Diagnosi via smartphone

Da oggi, ciò che occorre per individuare un tumore potrebbe essere portato nel palmo di una mano. Come si legge in uno studio pubblicato su Science Translational Medicine, un gruppo di ricerca dell’Harvard Medical School (Usa) ha sperimentato una nuova tecnica che permette di diagnosticare alcuni tipi di cancro servendosi solo di un apparecchio in miniatura per la risonanza magnetica nucleare, e di uno smartphone.

Le cellule tumorali hanno un profilo biochimico differente da quelle sane. Per esempio, sono ricche di proteine che normalmente sarebbero poco o per nulla espresse. Una delle tecniche più diffuse per la diagnosi dei tumori, l’immunoistochimica, si basa proprio sul riconoscimento di queste proteine per scovare le cellule tumorali. Ma per eseguirla bisogna prelevare, tramite biopsia o intervento chirurgico, delle porzioni di tessuto relativamente grandi. Uno dei principali vantaggi della nuova tecnica sarebbe, invece, la possibilità di individuare il tumore prelevando campioni cellulari piccolissimi, risparmiando così al paziente interventi troppo traumatici.

Nel nuovo apparecchio, grande pochi centimetri, alcune nanoparticelle magnetiche vengono ricoperte con anticorpi che legano esclusivamente le proteine espresse nelle cellule tumorali. In questo modo, quando si applica un campo magnetico esterno, un sensore riesce a riconoscere le cellule cancerogene perché “magnetizzate”. Il dispositivo, poi, comunica con uno smartphone e i dottori visualizzano i risultati dell’analisi sullo schermo di un telefonino.

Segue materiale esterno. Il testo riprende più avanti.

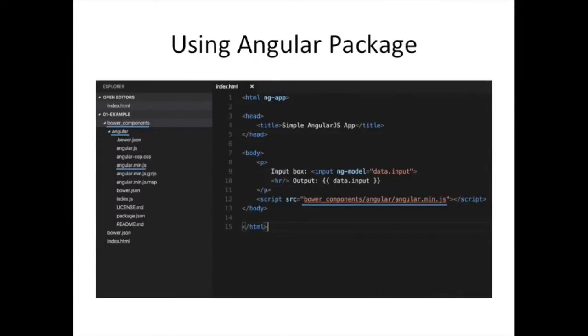So here's an example of a simple Angular application using our AngularJS that we installed with bower. Since I have bower_components already populated with my Angular package, I can write a simple index.html file. And there on line 12, you can see the only thing that's different is that it's referencing the AngularJS that we have locally on our file system in the bower directory. And over on the left side of the screen, you can see exactly where that is in the file system navigation in my editor.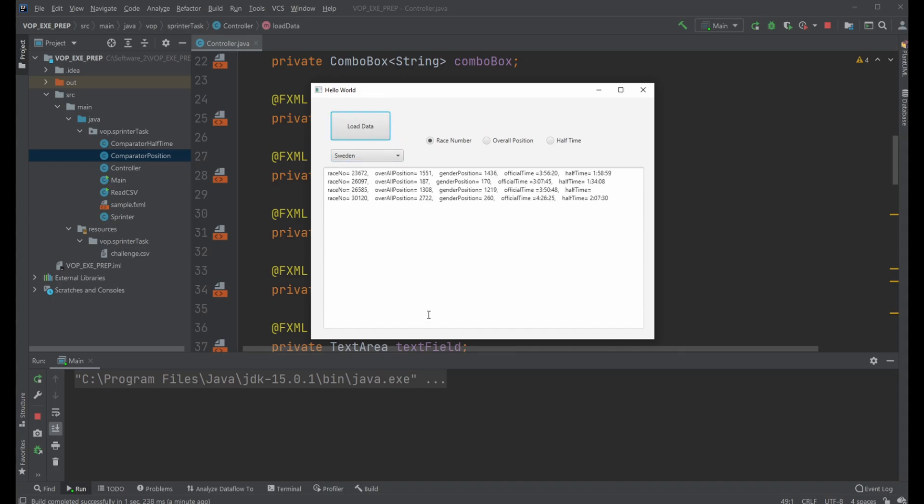When I load, you can see I have the race numbers for these runners, overall position, gender position, the official time and the half time.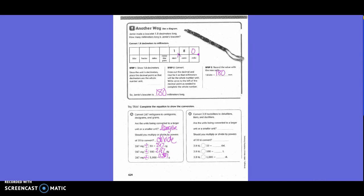Basically this goes back to what we learned at the beginning of the year — you're just moving the decimal places either to the left or to the right. Convert 3 and 9 tenths hectoliters to deciliters, hectoliters, and kiloliters.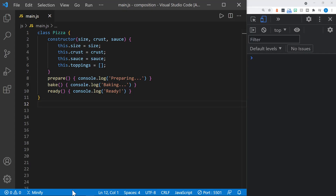Today we're talking about JavaScript object composition versus JavaScript object inheritance. For inheritance to happen, we have to have classes that we extend.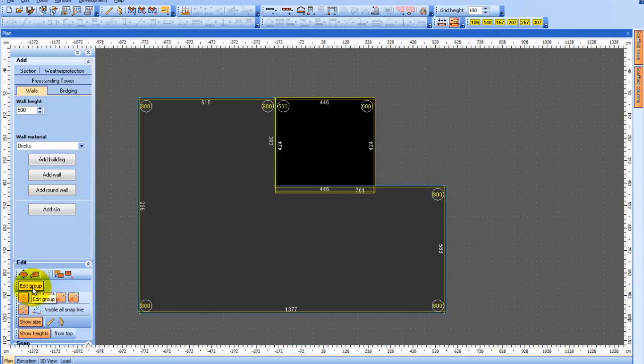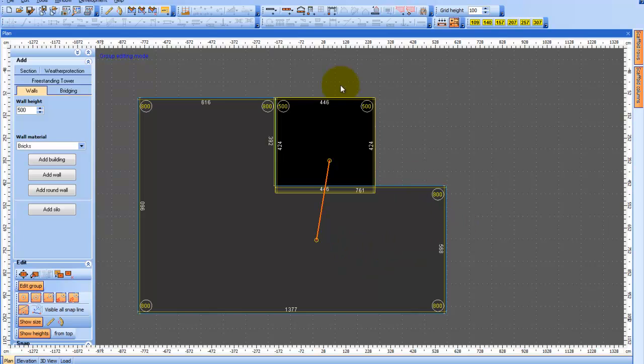As I drag my mouse from one building to the other, you will see a small line appear which indicates the buildings are now attached. I will disengage the function and now you can see the buildings are linked together permanently.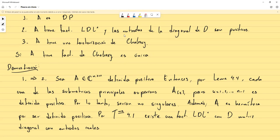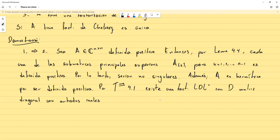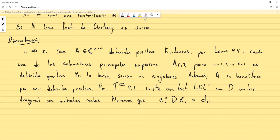Notemos que e_i transpuesto conjugado por D por e_i es el elemento D_{ii}. Nosotros podemos utilizar este hecho considerando que si A tiene una factorización LDL, entonces A se puede escribir como LDL transpuesto conjugado. Como la matriz L es invertible por ser triangular inferior unitaria, podemos despejar D escribiendo L inversa por A por L menos transpuesto conjugado, donde este menos transpuesto conjugado es la inversa de la transpuesta conjugada.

Per testarne l’efficacia, la nuova tecnica è stato sperimentata su 50 pazienti sottoposti a biopsia per sospetto tumore. Una piccola porzione del tessuto prelevato è stata analizzata col nuovo apparecchio, che è andato alla ricerca di nove proteine tumorali. Dopo solo un’ora, sono stati rilevati 44 casi di tumore maligno, risultato confermato dall’analisi immunoistochimica. In più, riducendo i marcatori tumorali a quattro, l’accuratezza della diagnosi rimaneva comunque del 96 per cento, contro l’84 per cento delle tradizionali tecniche immunoistochimiche.